The art of singing to music, generally in a crowded room, and often out of tune.
In Japanese the word means ‘empty orchestra’. In western civilisation it normally means ‘had too many drinks, got false sense of confidence, cleared bar’. Everyone has done a little bit of karaoke at some point in their life; at their mums wedding, or at someone’s eighteenth, or even just in the pub on a Tuesday night when they went for ‘one’.
The advent of games such as ‘Rock Band’ and ‘Singstar’ have brought the idea of being too embarrassed to sing in public to a different audience; the shyer ones amongst us are now able to gather with a small posse of their nearest and dearest and belt out their favourites. Sing Alannah Miles in the shower as if you were at Wembley? No problem, you can now indulge in this in your front room, complete with microphone.
(I am aware I am slightly lobster. I had flown back in from Portugal for my friend’s birthday (la-di-dah!) and burnt on the last day!)
The girls and I went through a stage of absolutely loving both Singstar and Rock Band. I personally can’t keep up, and am only allowed to do the guitar bit on ‘Eye of The Tiger’ as it’s fairly simple. Anything else is my round to sit out due to a severe lapse in concentration, and when my turn to do the drums comes I am duly banned due to a lack of being able to drum my hands and tap my feet at the same time. It basically means that the whole team loses because one person can’t do it (Not naming any names, team effort, big foam finger being pointed in my general direction).

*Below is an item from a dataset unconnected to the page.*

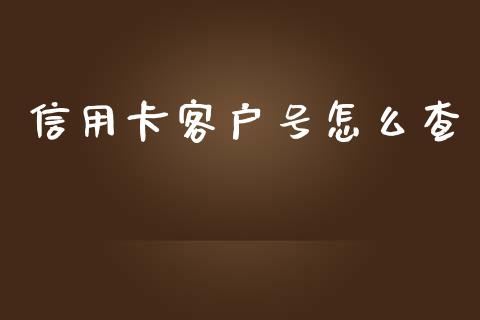 信用卡客户号怎么查_https://wap.kuaijiepai.net_财务咨询_第1张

At least with Rock Band there is a certain skill involved. I cannot sing, but on the same note I’m not totally tone deaf. When I warble in the shower people don’t clap, but they also don’t call the vets out as a matter of emergency, thinking there are feral cats in the garden. Singstar is however, flawed. It matters not whether you are singing in tune, but gauges the pitch of your voice. So if you are a rugby boy singing ABBA perfectly in key you are likely to time out due to the depth of your voice and if you are trying to hit the right notes of Barry White in a falsetto then frankly you are screwed.
My friend summed it up perfectly when her and another friend were doing the duet on Super Trouper. Friend one was in charge of the lyrics and the friend two the ‘oopahpah’ in the background. Turns out that’s quite a long one, and friend two soon realised that as long as she sung in the right pitch, she could sing whatever she liked. So it turned into her singing “super, troup-ah-pah, i hate this song –pah-pah, oh will it end pah – pah, feeling like a number ONE!”
In London they have this fantastic idea where you can rent a booth to sing karaoke. You are locked in with your nearest and dearest and have a waitress bring your drinks, so you never have to open the door and risk being seen by actual civilised people while you are belting out Chesney Hawkes with the rest of them. And everyone has their favourite karaoke song, even if they aren’t brave enough to sing it anywhere else than in the comfort of your own home. One of my friends proudly warbled Lionel Ritchie “All Night Long” and informed me once that he knew the entire African bit in the middle. He wasn’t joking, I realised after her serenaded me with it.
Mine is Cher, Just Like Jesse James. And I don’t care who knows it!
What’s your karaoke track? And could your friends tell me what it is, or is it a guilty pleasure?